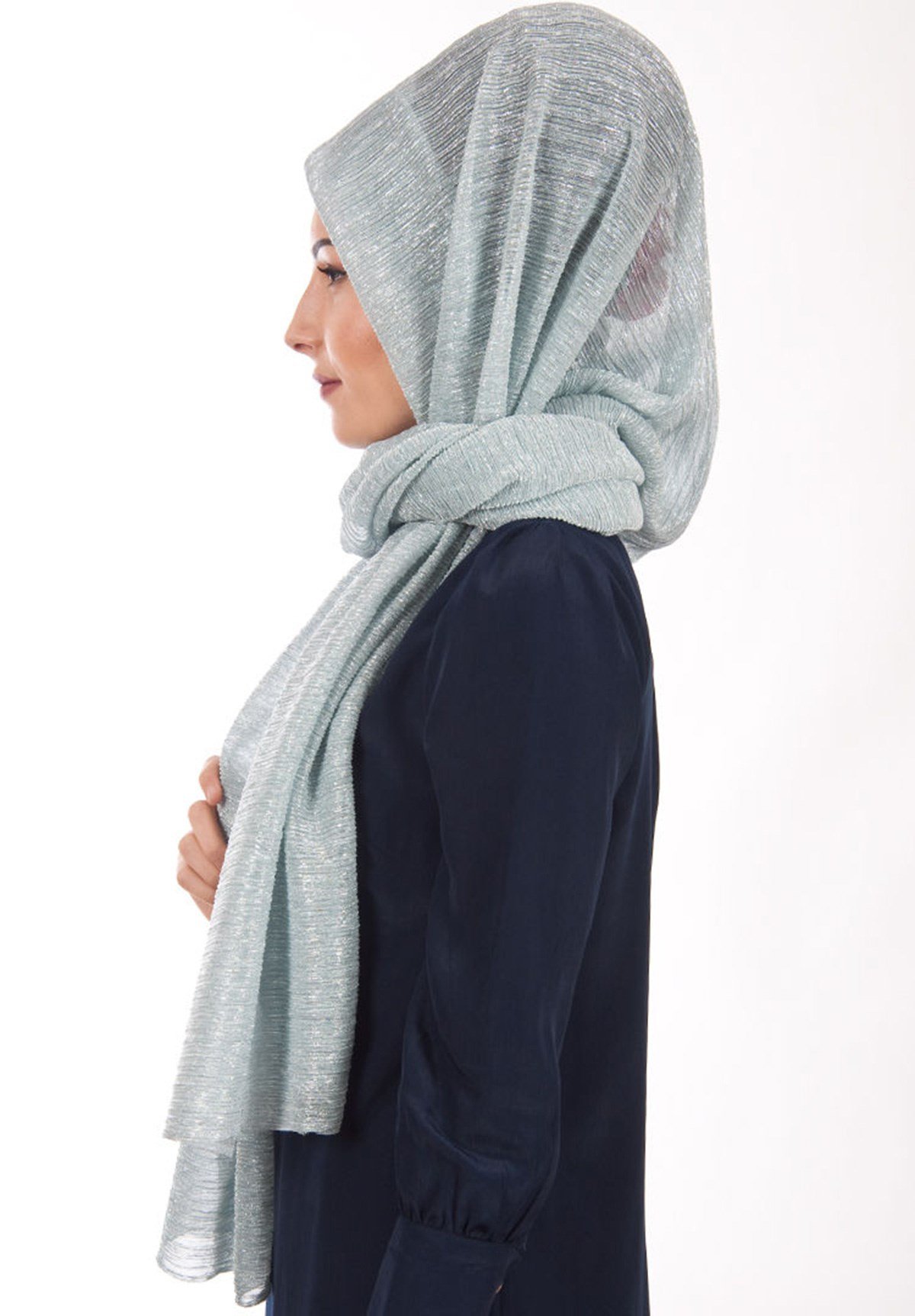 Simli Akordeon Şal Mavi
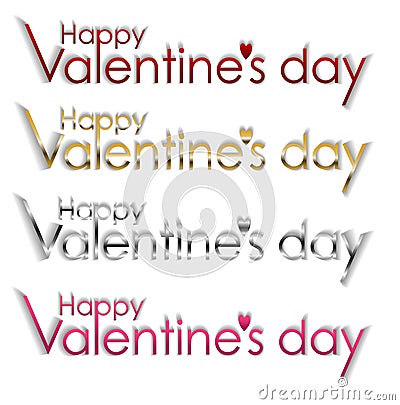 Happy Valentine Day multicolored Lettering and Heart Vector Illustration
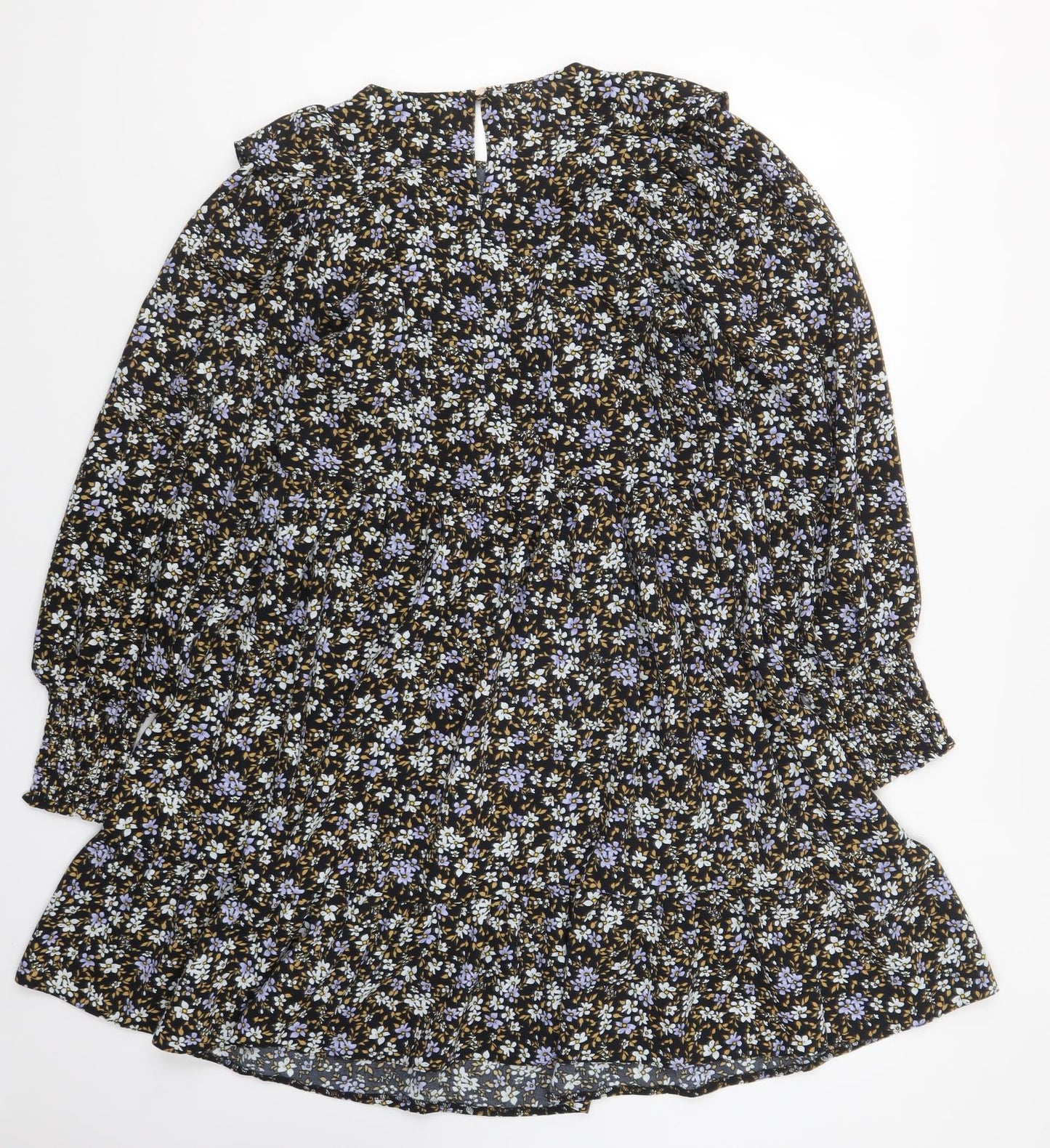 Primark Womens Multicoloured Floral Polyester Skater Dress Size 8 Round Neck Button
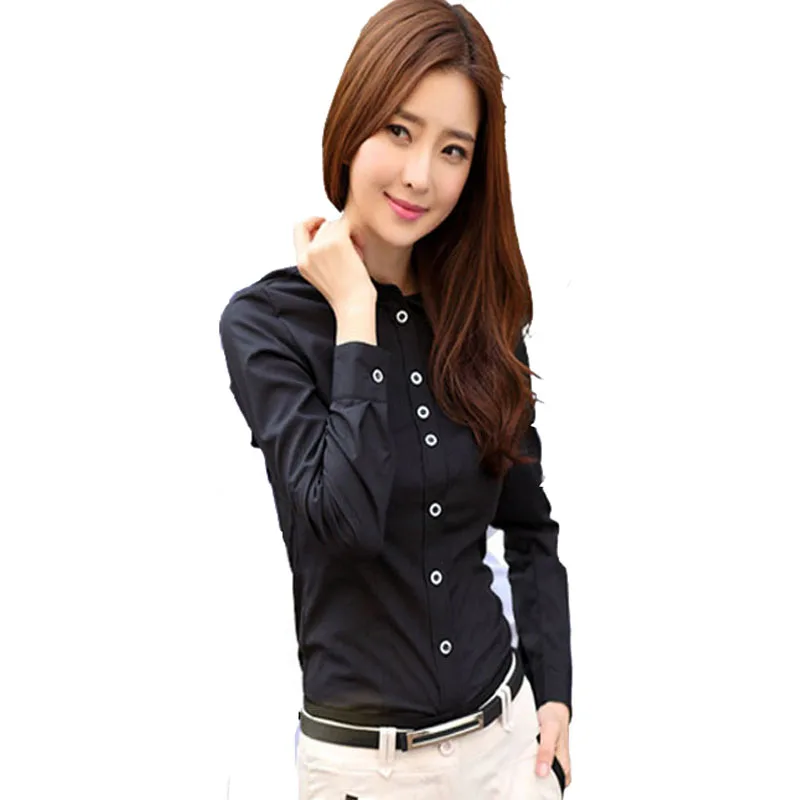 2016 Autumn Clothes Women Tops Black Long Sleeve Blouse ...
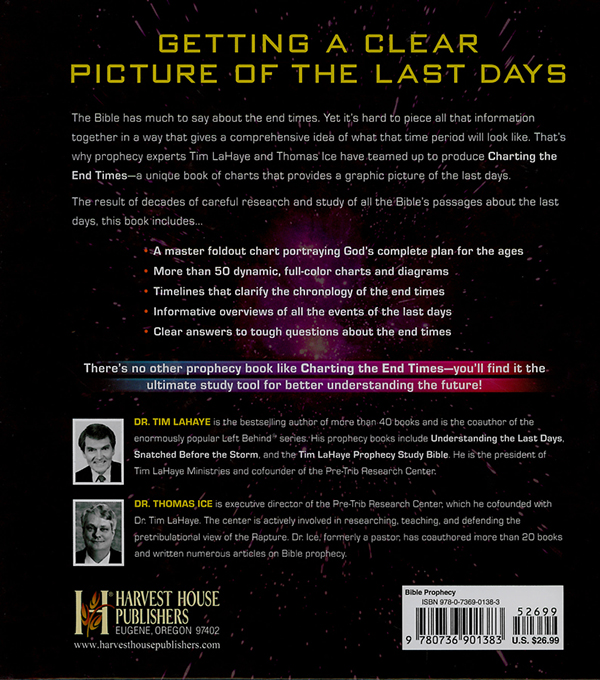 Picture of the back cover of the book entitled Charting the End Times.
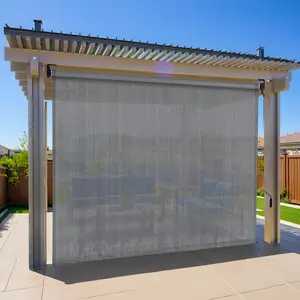 1pc Outdoor Roller Shade - HDPE Shade Cloth for Patio Pergola with Aluminum Tube and Cordless Wand Crank Operation - Perfect Sun Shade for Patio, Porch, and Garden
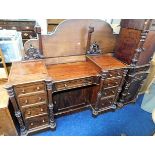 A Victorian mahogany dressing table, mirror a/f, twinned with two similar cupboards, both a/f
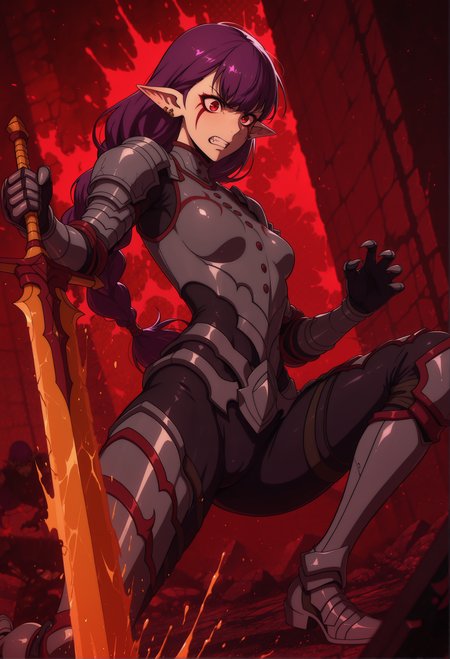 rating_explicit, nsfw, souleaterstyle, masterpiece, best quality, amazing quality, breathtaking attention to detail, 8K, absurdres, highres, ultra detail, high contrast, BREAK, 1girl, (fullbody:1.2), single braid, long hair, purple hair, red eyes, facial mark, pointy ears, earrings, long hair, black bodysuit, red trim, buttons, grey armor, sword, blue elbow pads, gauntlets, greaves, detailed skin, small_breasts, (detailed character design), 1demon, Splatter, Halftone_background, Split-Complementary _Colors, fighting against demon, angry, blurry, cinematic, action_pose, dynamic angle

○ ○ ○ ○ ○ ○ ○

● Task directions
Everything from the line containing "A Victorian mahogany" to the last line of the records above should be reproduced exactly, except the pictures.

● Answer space
 A Victorian mahogany dressing table, mirror a/f, twinned with two similar cupboards, both a/f
 rating_explicit, nsfw, souleaterstyle, masterpiece, best quality, amazing quality, breathtaking attention to detail, 8K, absurdres, highres, ultra detail, high contrast, BREAK, 1girl, (fullbody:1.2), single braid, long hair, purple hair, red eyes, facial mark, pointy ears, earrings, long hair, black bodysuit, red trim, buttons, grey armor, sword, blue elbow pads, gauntlets, greaves, detailed skin, small_breasts, (detailed character design), 1demon, Splatter, Halftone_background, Split-Complementary _Colors, fighting against demon, angry, blurry, cinematic, action_pose, dynamic angle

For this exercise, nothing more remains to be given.